_ACTIVITY_.
From the line with "20 Pointer Lab Diamond Tennis Bracelet" through the last line of the records below, both ends included, transcribe only those lines, exactly, and omit the pictures.
━━ EXERCISE INPUT ━━
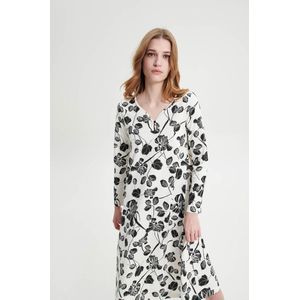 Vamp! Katoenen Nachthemd Dames Volwassenen | Lange Mouw | Grote Maten | Nachtjapon | Zwart 19152 4XL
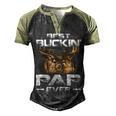 Best Buckin Pap Ever Deer Hunting Bucking Father Men's Henley Shirt Raglan Sleeve 3D Print T-shirt Black Forest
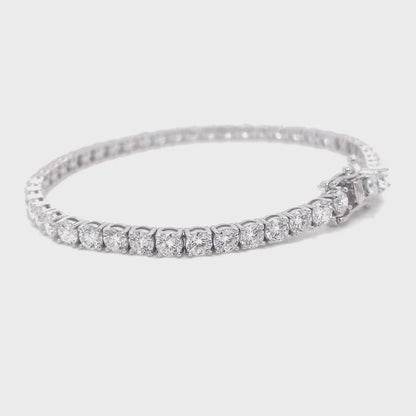 20 Pointer Lab Diamond Tennis Bracelet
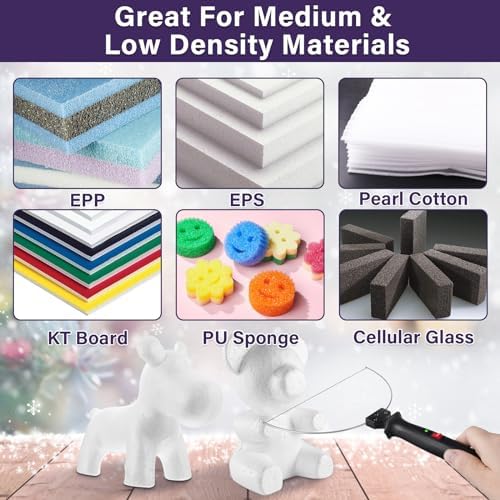 4 in 1 Hot Wire Foam Cutter, 18W Electric Hot Knife Styrofoam Cutting Kit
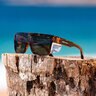 Bomber Buzz Bomb Safety Glasses Shiny Tortoise Frame Brown Polarized Safety Lens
━━━
_TASK OUTPUT_.
 20 Pointer Lab Diamond Tennis Bracelet
 4 in 1 Hot Wire Foam Cutter, 18W Electric Hot Knife Styrofoam Cutting Kit
 Bomber Buzz Bomb Safety Glasses Shiny Tortoise Frame Brown Polarized Safety Lens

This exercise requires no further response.